Orange Mayor John Davis said there was still work to do and the Macquarie Pipeline Project was yet to be assessed by the State Government, however the latest figures were encouraging.

“While some people have believed there have been little or no flows in the Macquarie River for much of the last decade the actual data tells a very different story. And what that data reveals is that even when the region was in drought the Macquarie Pipeline would have delivered water security to the city with minimal impact on the river,” Cr Davis said.

“At their worst Orange’s dams were at 23 per cent of capacity in May 2010. If we had the pipeline operational during that dry period from 1999 to 2010 the dams would have been at 63 per cent in May 2010. The pipeline will sustain Orange through drought and deliver water security to this city for the next 50 years.”

Suma Park, April 2009
The dry bed of Suma Park Dam in April 2009

The modeled annual average extraction between 1999 and 2010 was 1.4 per cent.

The latest investigation has found that there is more water flowing down the river than first estimated. As a result of the new data, Council has raised the trigger point for when pumping can commence from 30 to 34 megalitres, modified the level of extraction and amended the water security projection.

“The new data is the result of water modeling across more than 100 years and demonstrates the project is viable,” Cr Davis said.

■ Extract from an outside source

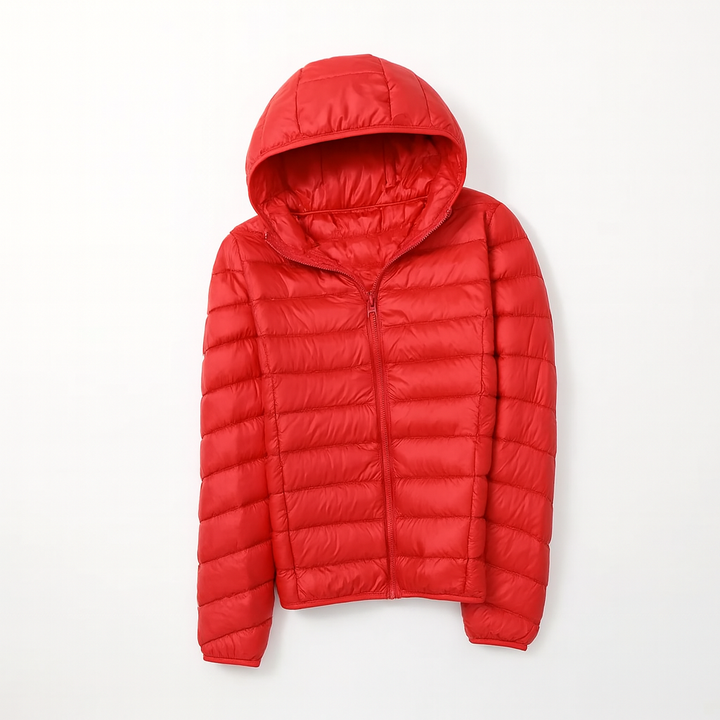 Doudoune femme urbaine à capuche, style et chaleur pour la ville en hiver. Veste matelassée tendance.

The modeling found that lows flows, flows below 22 megalitres a day as determined by the NSW Office of Water guidelines, occur 20 per cent of the time. The Macquarie Pipeline will not operate during these times. 
 

On average, 300,000 megalitres a year flows past the proposed off take point. The pipeline’s long term average extraction is 1665 megalitres or 0.54 per cent of flows. This will improve the city’s secure yield by 2800 megalitres, double that first estimated. The pipeline’s peak demand has been capped at 12 megalitres a day.

On a day when the 34 megalitre trigger is reached and peak extraction of 12 megalitres occurs, the water level in the river would fall by 19mm. For 50 per cent of the time flows exceed 110 megalitres a day.

The State Government access rules for town water supplies do not contain cease to pump thresholds or triggers, which means Orange City Council is going beyond the requirements of the Draft Water Sharing Plan for the Macquarie Bogan Unregulated and Alluvial Water Sources by committing to a 34 megalitre trigger.

The latest assessment also found that the downstream impact of the Macquarie Pipeline would be negligible. For example the pipeline operations would equate to 0.16 per cent reduction of inflows into Burrendong Dam.

The Hydrology and Water Security Assessment is a key component of the Environmental Assessment. It will be forwarded to the Department of Planning for an adequacy assessment and then released to the public.